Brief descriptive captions
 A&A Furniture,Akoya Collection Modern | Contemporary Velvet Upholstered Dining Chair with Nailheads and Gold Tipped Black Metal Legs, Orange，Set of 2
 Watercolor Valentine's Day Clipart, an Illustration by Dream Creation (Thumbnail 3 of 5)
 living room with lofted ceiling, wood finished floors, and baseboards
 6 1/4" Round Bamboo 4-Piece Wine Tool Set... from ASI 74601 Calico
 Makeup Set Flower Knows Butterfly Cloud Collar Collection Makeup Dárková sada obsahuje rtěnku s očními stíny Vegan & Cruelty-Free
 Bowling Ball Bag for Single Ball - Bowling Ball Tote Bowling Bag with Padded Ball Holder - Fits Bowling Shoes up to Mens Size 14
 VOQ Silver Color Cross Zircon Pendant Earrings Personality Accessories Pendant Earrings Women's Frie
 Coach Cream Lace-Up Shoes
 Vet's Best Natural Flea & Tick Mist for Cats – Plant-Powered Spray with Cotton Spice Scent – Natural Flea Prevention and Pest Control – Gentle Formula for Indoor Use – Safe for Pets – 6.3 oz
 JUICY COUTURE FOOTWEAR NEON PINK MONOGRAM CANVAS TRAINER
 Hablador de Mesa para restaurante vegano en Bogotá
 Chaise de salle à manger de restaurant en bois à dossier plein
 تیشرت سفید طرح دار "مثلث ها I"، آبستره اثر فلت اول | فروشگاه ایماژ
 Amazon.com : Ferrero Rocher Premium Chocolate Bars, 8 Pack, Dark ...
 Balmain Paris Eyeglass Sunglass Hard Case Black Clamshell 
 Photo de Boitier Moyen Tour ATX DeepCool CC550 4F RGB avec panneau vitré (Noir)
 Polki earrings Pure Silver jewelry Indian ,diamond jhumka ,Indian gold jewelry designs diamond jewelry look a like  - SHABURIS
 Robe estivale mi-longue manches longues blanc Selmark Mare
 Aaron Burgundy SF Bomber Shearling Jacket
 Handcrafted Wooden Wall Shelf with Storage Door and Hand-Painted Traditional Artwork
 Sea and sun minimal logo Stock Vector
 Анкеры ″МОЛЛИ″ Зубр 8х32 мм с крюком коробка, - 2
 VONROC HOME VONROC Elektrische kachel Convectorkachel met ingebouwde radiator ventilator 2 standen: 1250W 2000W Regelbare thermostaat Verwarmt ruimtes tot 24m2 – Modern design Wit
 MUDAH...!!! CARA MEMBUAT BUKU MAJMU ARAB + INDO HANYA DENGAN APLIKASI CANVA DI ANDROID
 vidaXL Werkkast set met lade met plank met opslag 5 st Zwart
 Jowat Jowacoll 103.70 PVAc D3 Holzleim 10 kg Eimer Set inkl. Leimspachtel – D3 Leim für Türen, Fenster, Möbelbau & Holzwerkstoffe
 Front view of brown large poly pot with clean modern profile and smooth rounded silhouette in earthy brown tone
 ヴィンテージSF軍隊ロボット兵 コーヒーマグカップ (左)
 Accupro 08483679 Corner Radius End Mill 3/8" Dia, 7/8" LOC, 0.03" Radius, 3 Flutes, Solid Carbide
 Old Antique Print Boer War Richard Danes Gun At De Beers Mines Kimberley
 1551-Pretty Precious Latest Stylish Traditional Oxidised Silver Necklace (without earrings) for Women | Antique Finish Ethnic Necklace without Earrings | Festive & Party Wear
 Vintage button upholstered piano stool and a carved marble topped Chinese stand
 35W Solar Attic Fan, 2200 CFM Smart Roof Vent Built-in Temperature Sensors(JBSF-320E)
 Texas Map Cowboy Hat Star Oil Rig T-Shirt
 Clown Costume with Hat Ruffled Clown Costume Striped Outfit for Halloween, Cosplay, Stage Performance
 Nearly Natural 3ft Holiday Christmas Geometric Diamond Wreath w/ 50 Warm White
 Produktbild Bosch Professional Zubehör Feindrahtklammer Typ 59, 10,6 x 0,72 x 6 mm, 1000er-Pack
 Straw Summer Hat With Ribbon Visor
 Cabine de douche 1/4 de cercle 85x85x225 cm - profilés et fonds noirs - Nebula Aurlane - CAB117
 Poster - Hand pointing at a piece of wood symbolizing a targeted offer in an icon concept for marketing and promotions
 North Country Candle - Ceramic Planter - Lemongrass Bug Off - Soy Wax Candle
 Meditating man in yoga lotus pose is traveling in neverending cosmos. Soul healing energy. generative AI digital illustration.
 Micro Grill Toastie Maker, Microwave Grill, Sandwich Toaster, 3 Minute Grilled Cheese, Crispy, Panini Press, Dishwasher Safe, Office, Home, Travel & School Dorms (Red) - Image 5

Assignment
Transcribe the entries above word for word, from the first line through the line containing "Jowat Jowacoll 103.70", and nothing else.

Solution to this exercise
 A&A Furniture,Akoya Collection Modern | Contemporary Velvet Upholstered Dining Chair with Nailheads and Gold Tipped Black Metal Legs, Orange，Set of 2
 Watercolor Valentine's Day Clipart, an Illustration by Dream Creation (Thumbnail 3 of 5)
 living room with lofted ceiling, wood finished floors, and baseboards
 6 1/4" Round Bamboo 4-Piece Wine Tool Set... from ASI 74601 Calico
 Makeup Set Flower Knows Butterfly Cloud Collar Collection Makeup Dárková sada obsahuje rtěnku s očními stíny Vegan & Cruelty-Free
 Bowling Ball Bag for Single Ball - Bowling Ball Tote Bowling Bag with Padded Ball Holder - Fits Bowling Shoes up to Mens Size 14
 VOQ Silver Color Cross Zircon Pendant Earrings Personality Accessories Pendant Earrings Women's Frie
 Coach Cream Lace-Up Shoes
 Vet's Best Natural Flea & Tick Mist for Cats – Plant-Powered Spray with Cotton Spice Scent – Natural Flea Prevention and Pest Control – Gentle Formula for Indoor Use – Safe for Pets – 6.3 oz
 JUICY COUTURE FOOTWEAR NEON PINK MONOGRAM CANVAS TRAINER
 Hablador de Mesa para restaurante vegano en Bogotá
 Chaise de salle à manger de restaurant en bois à dossier plein
 تیشرت سفید طرح دار "مثلث ها I"، آبستره اثر فلت اول | فروشگاه ایماژ
 Amazon.com : Ferrero Rocher Premium Chocolate Bars, 8 Pack, Dark ...
 Balmain Paris Eyeglass Sunglass Hard Case Black Clamshell 
 Photo de Boitier Moyen Tour ATX DeepCool CC550 4F RGB avec panneau vitré (Noir)
 Polki earrings Pure Silver jewelry Indian ,diamond jhumka ,Indian gold jewelry designs diamond jewelry look a like  - SHABURIS
 Robe estivale mi-longue manches longues blanc Selmark Mare
 Aaron Burgundy SF Bomber Shearling Jacket
 Handcrafted Wooden Wall Shelf with Storage Door and Hand-Painted Traditional Artwork
 Sea and sun minimal logo Stock Vector
 Анкеры ″МОЛЛИ″ Зубр 8х32 мм с крюком коробка, - 2
 VONROC HOME VONROC Elektrische kachel Convectorkachel met ingebouwde radiator ventilator 2 standen: 1250W 2000W Regelbare thermostaat Verwarmt ruimtes tot 24m2 – Modern design Wit
 MUDAH...!!! CARA MEMBUAT BUKU MAJMU ARAB + INDO HANYA DENGAN APLIKASI CANVA DI ANDROID
 vidaXL Werkkast set met lade met plank met opslag 5 st Zwart
 Jowat Jowacoll 103.70 PVAc D3 Holzleim 10 kg Eimer Set inkl. Leimspachtel – D3 Leim für Türen, Fenster, Möbelbau & Holzwerkstoffe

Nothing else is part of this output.